Thanks to Artificial Intelligence, organizations are tapping into troves of data to improve decision-making processes in a way that data managers of yesteryear could only dream about. As such, many in the business want to capitalize on AI as quickly as possible. Lean AI delivers such value to these businesses.

AI implementation in general requires the significant, coordinated effort of a diverse group of teams that are siloed in many organizations. When we started working with clients, we quickly found that it takes a herculean effort to round up business stakeholders, domain experts, developers, and data scientists and get them working seamlessly together. Perhaps you’re familiar with this problem from your own internal projects. We knew we needed a specialized process to keep team members aligned and working toward the same goal. The result was Lean AI.

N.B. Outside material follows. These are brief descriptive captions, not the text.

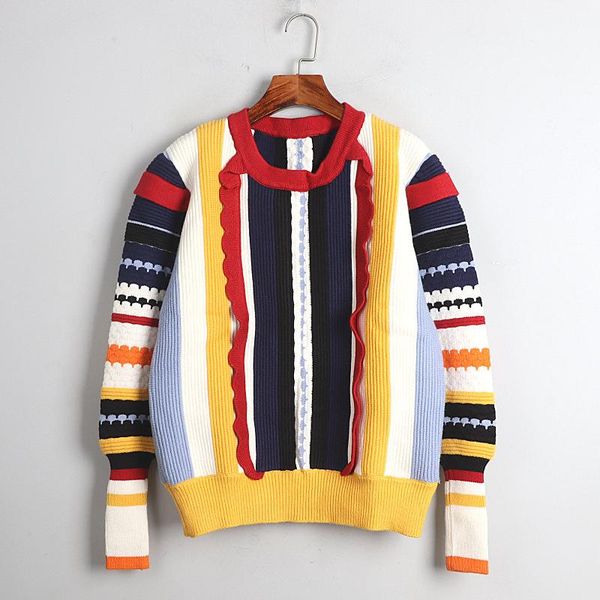 

women's sweaters knit women pullover sweater striped long sleeve casual, White;black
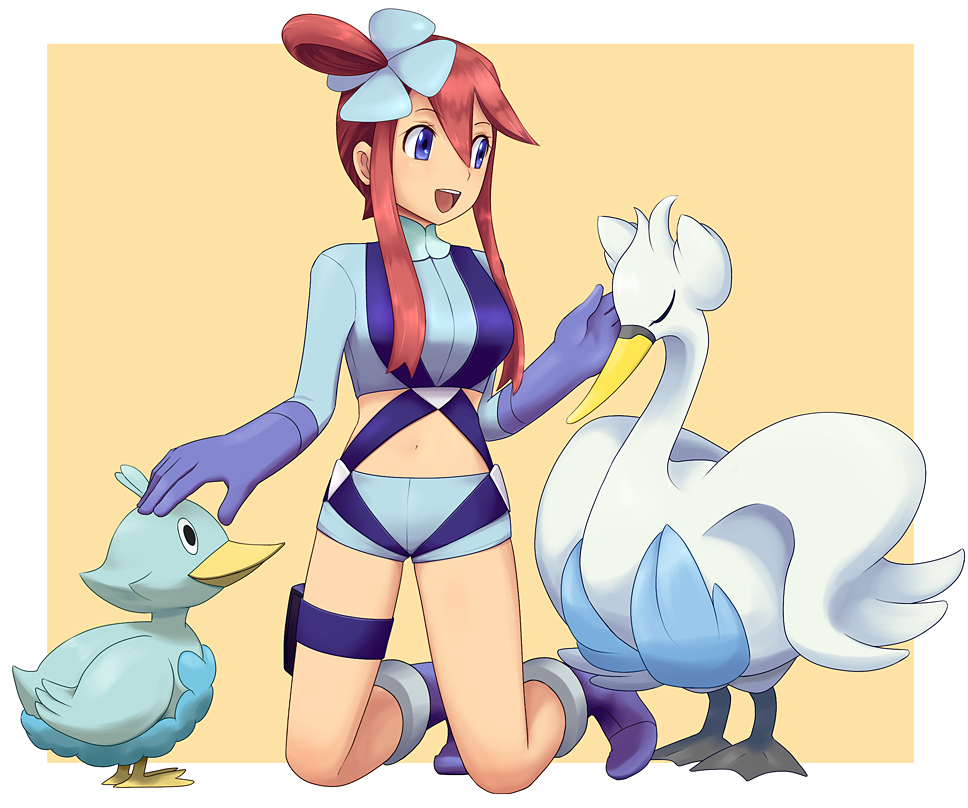 1girl, bird, blue_eyes, breasts, duck, ducklett, fuuro_(pokemon), gloves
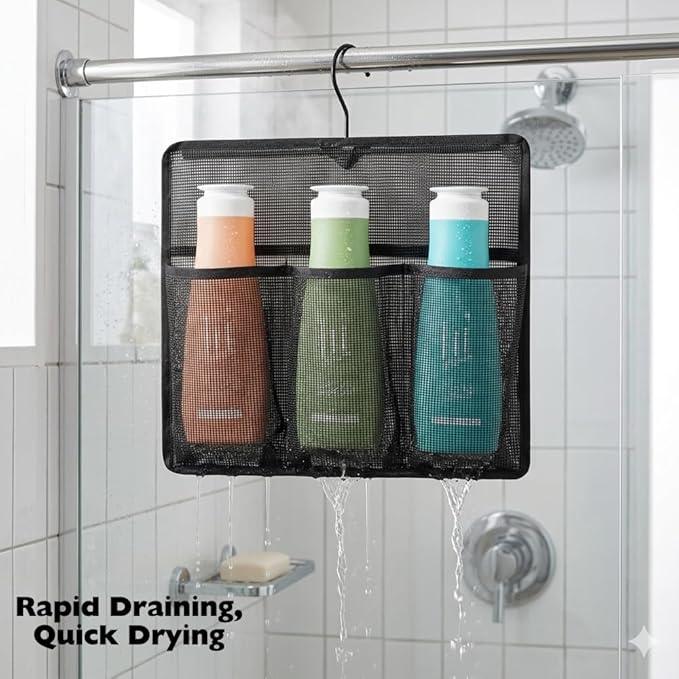 ALYER Mesh Shower Organizer,Shower Caddy with Rotating Detachable Metal Hanger, Quick Dry Bathroom Storage for Toiletry Accessories, Portable Shower Bag for RV,Dorm,Gym and Travel (Black)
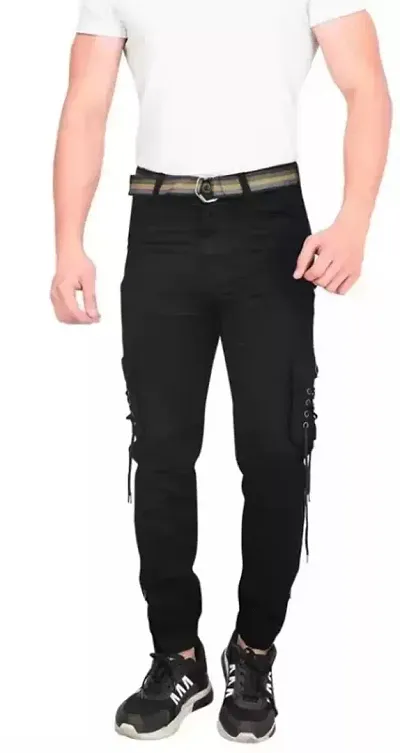 Mens Pure Cotton Solid Cargo Pants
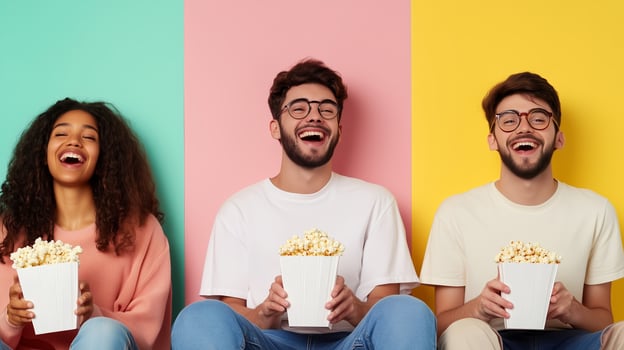 Friends laughing together while enjoying popcorn in a colorful setting during a casual gathering photo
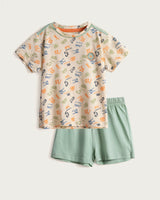 Pijama Corto Infantil Niño Travel - Algodón - Amarillo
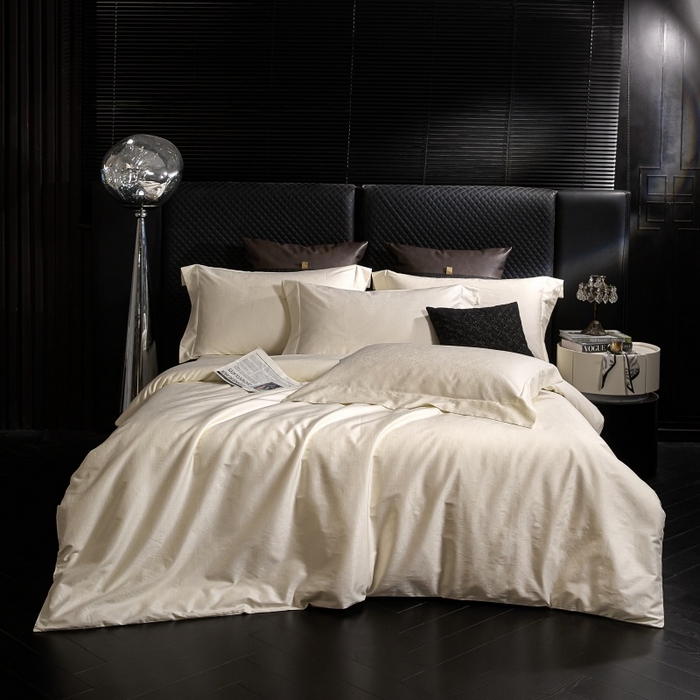 91家纺网 家纺一手货源 找家纺 小丸子家纺（不发货） 2025新款亲肤舒适高端100S长绒棉纯棉银丝提花四件套 艺术之韵034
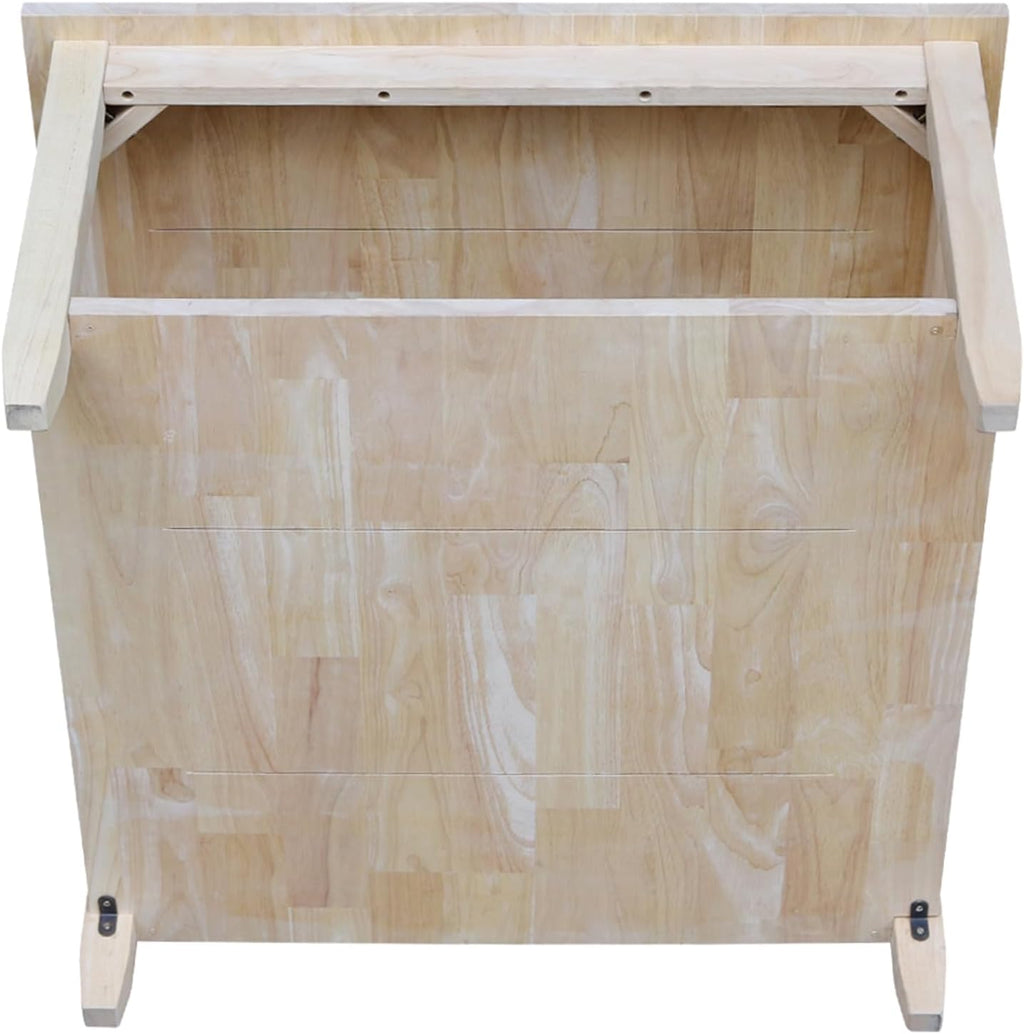 IC International Concepts, Solano Square Coffee Table, Solid Real Wood, Sturdy Parawood, Living Room/Family Room/Entryway, 32'W x 32'D x 18'H with Shelf, Paint/Stain Ready, Unfinished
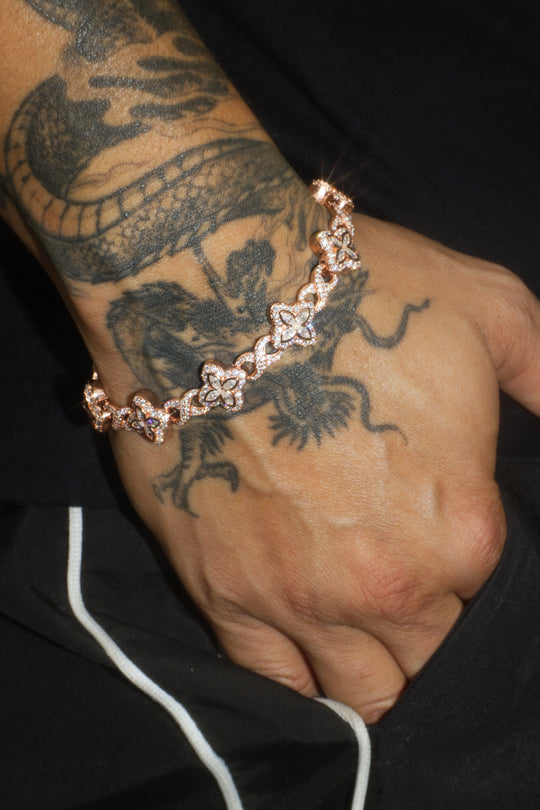 The "FORTUNA" 14K Rose Gold Clover Bracelet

Lean AI is a new, innovative practice and its principles should be widely recognizable. A number of existing systems inspired us in the development of Lean AI, including human-centered design at IDEO, the Lean Startup methodology, Agile Software Development principles, and the CRISP-DM approach pioneered by the data-mining community. Data executives — knowingly or unknowingly — apply many of these principles within their teams already. We just put it all together in a process and focused it specifically on AI.

Over time, we’ve refined Lean AI into six steps that minimize risk and focus on delivering clear results as efficiently as possible. While no step is inherently revolutionary, the specific order is thoughtfully designed to manage risk while quickly producing tangible results. You can try out the process on your AI projects and see the results for yourself (or, better yet, prove the results to the other execs at your company).

  1. Understand the Problem — and then Understand the Data.

The first step in any AI project is understanding the business problem inside and out. Then and only then should you turn your attention to the data at hand — otherwise, you won’t know what’s high-quality data and what’s meaningless. High-quality data is the fuel for an effective AI solution; this step is about making sure that fuel is at the appropriate octane level before using it.

This first step typically involves workshopping to pinpoint a problem that’s solvable with AI in a reasonable timeframe. Then, you can figure out exactly what kind of AI is called for, what data is required to create viable solutions, and how long it will take to put the solutions in place.

  1. Engineer the Framework.

In this second step, you’re preparing for the actual build that will solve the problem you identified in step one. A key practice for us is using Docker to capitalize on containerized Data Science, which delivers a tidier and more collaborative developer flow.

Your delivery team should include dedicated data engineers and dedicated machine learning engineers — you’ll need both skill sets, but it’s extremely difficult for employees to master both fields at once. Creating data pipelines is vastly different from creating machine learning models, and by bringing them together early on, you’ll enable team members to think about the final deployment with each early decision they make.

  1. Create Baseline Models.

Once you have a solid foundation for your data in place, you can begin to construct models. But instead of getting worked up over the limitless possibilities, focus on the minimum viable product. Ask yourself how you can solve the problem you’ve identified while doing as little as possible. If you can deliver the core features that solve the business problem, you can worry about adding additional features later.

We truly believe that the most efficient problem-solving happens at a baseline level, and Lean AI revolves around this approach. Producing shippable models is the goal, so each step of the Lean AI process should be aimed directly at deployment.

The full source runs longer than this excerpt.